• _Aim of the task_:
Report each line of the listing below that holds "Black".

• _Material provided_:
--- START ---
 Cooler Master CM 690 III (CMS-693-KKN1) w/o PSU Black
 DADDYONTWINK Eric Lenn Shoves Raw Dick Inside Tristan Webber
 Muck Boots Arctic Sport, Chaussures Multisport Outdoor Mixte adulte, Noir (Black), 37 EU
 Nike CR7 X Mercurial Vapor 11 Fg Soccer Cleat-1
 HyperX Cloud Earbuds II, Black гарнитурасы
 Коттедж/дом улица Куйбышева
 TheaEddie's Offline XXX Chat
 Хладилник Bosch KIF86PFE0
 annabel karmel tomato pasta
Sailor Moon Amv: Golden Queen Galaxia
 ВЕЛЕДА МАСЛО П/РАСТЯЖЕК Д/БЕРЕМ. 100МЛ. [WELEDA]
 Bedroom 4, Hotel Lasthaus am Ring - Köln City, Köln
--- END ---
--- START ---
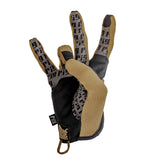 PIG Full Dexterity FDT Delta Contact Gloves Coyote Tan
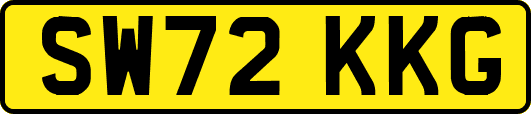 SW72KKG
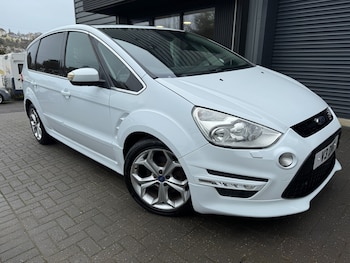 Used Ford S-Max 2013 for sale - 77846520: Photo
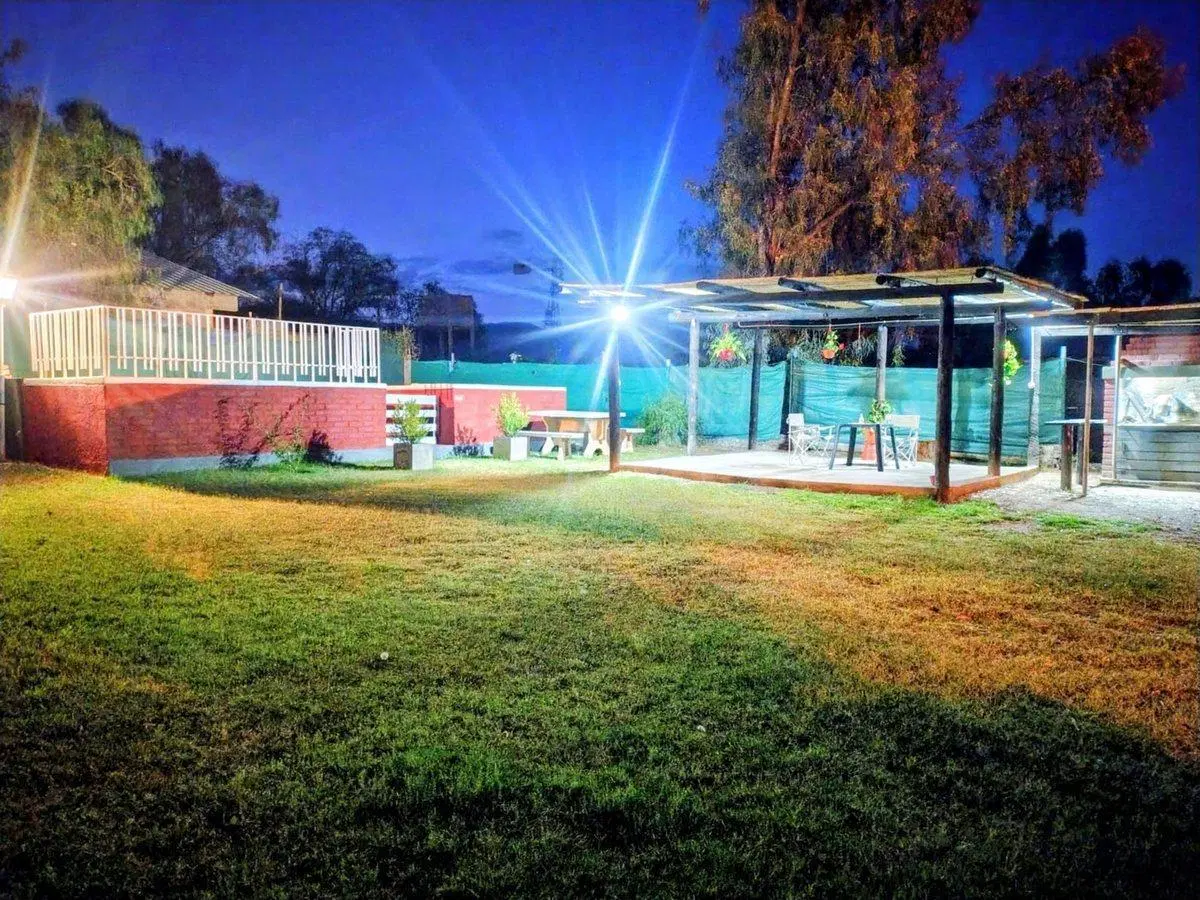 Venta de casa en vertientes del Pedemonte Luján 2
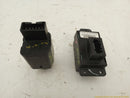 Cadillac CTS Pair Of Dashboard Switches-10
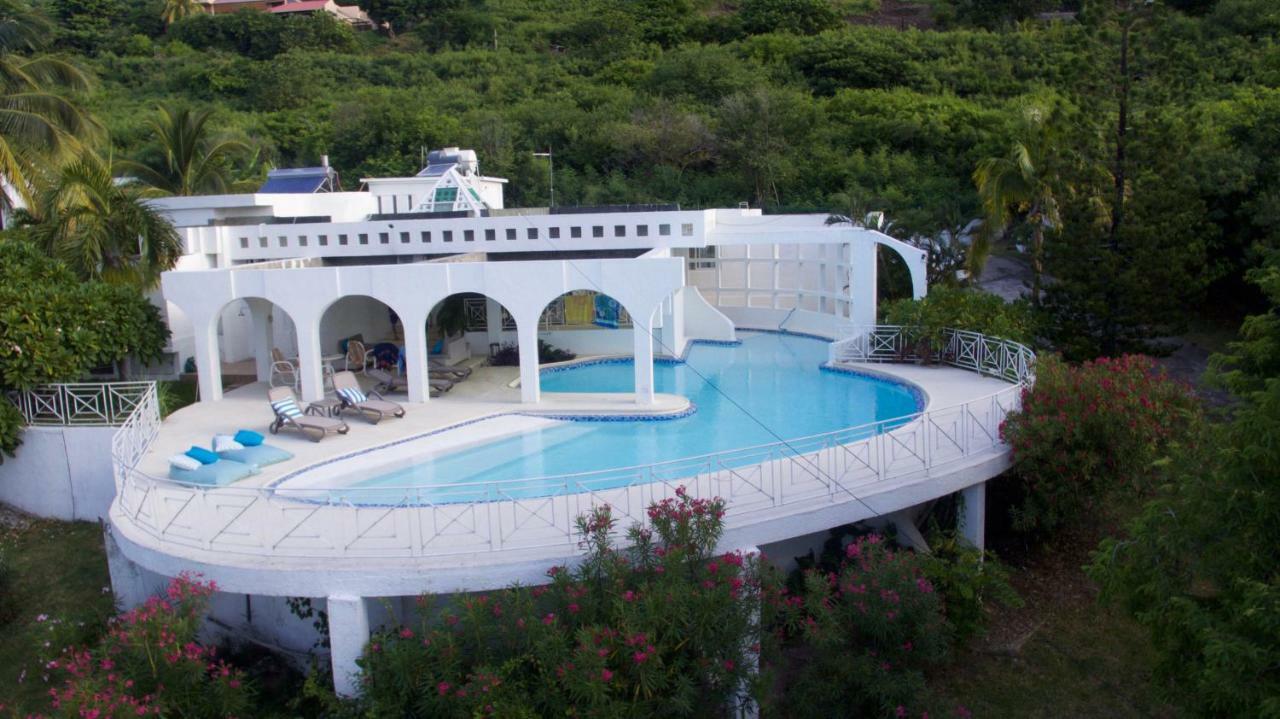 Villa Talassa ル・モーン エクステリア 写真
--- END ---
--- START ---
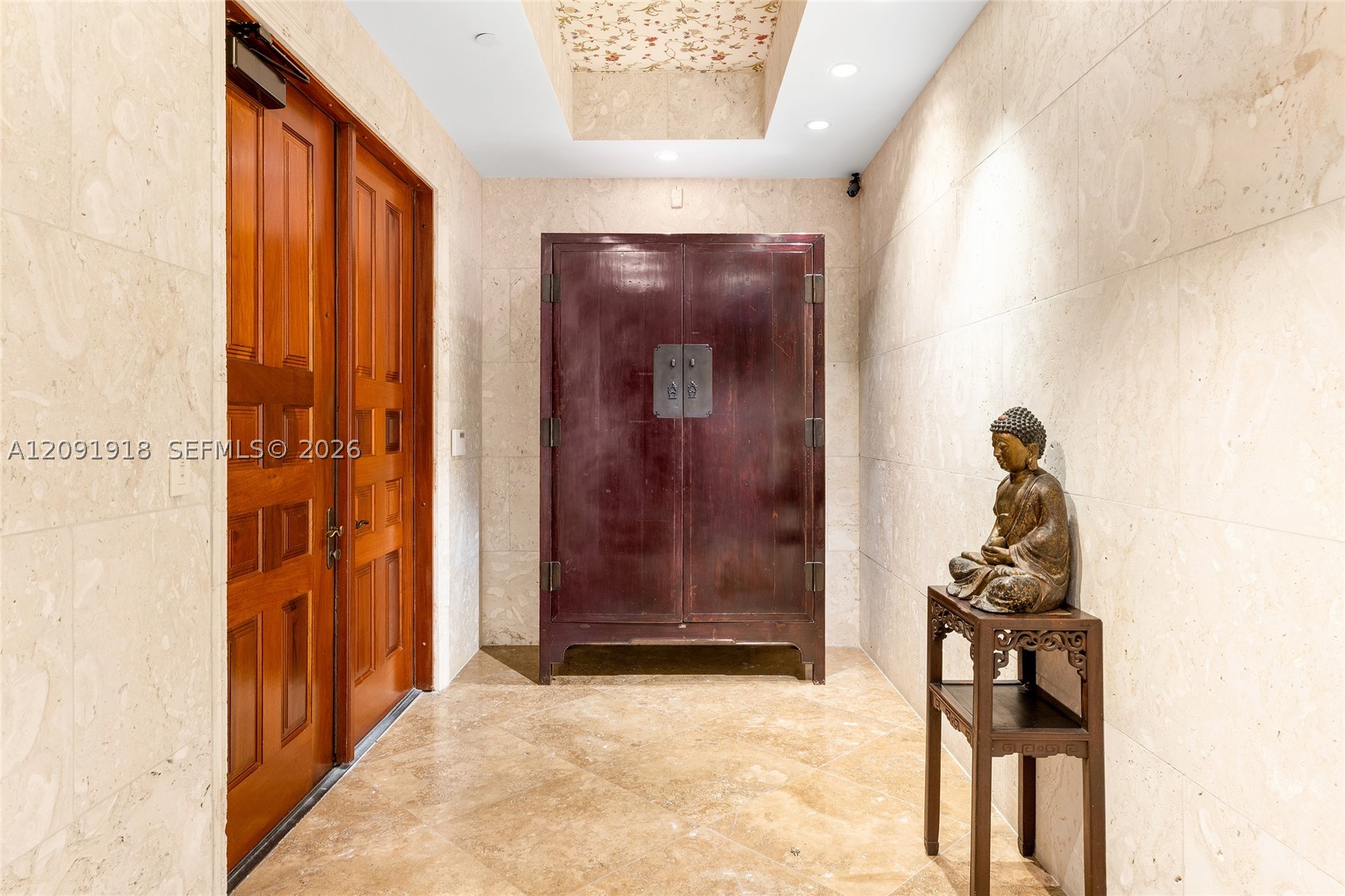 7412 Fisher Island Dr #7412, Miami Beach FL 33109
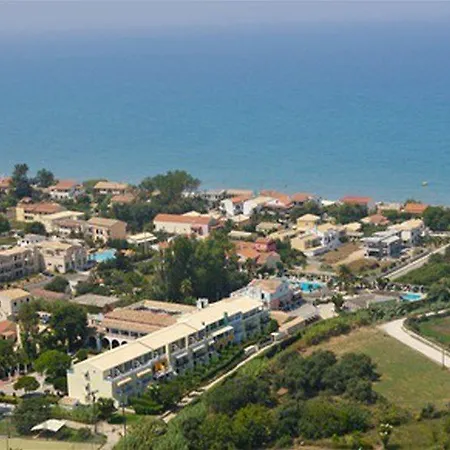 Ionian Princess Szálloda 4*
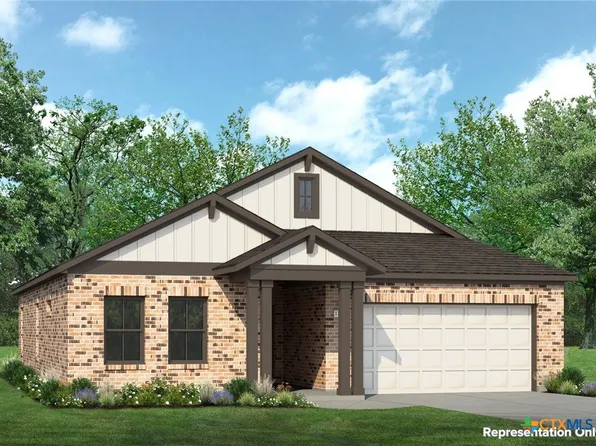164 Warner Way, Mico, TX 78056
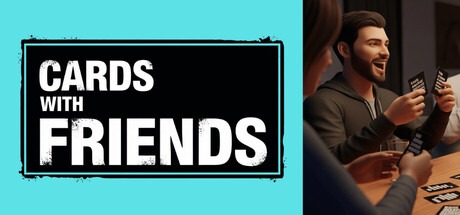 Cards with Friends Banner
--- END ---
• _Output of the task_:
 Cooler Master CM 690 III (CMS-693-KKN1) w/o PSU Black
 Muck Boots Arctic Sport, Chaussures Multisport Outdoor Mixte adulte, Noir (Black), 37 EU
 HyperX Cloud Earbuds II, Black гарнитурасы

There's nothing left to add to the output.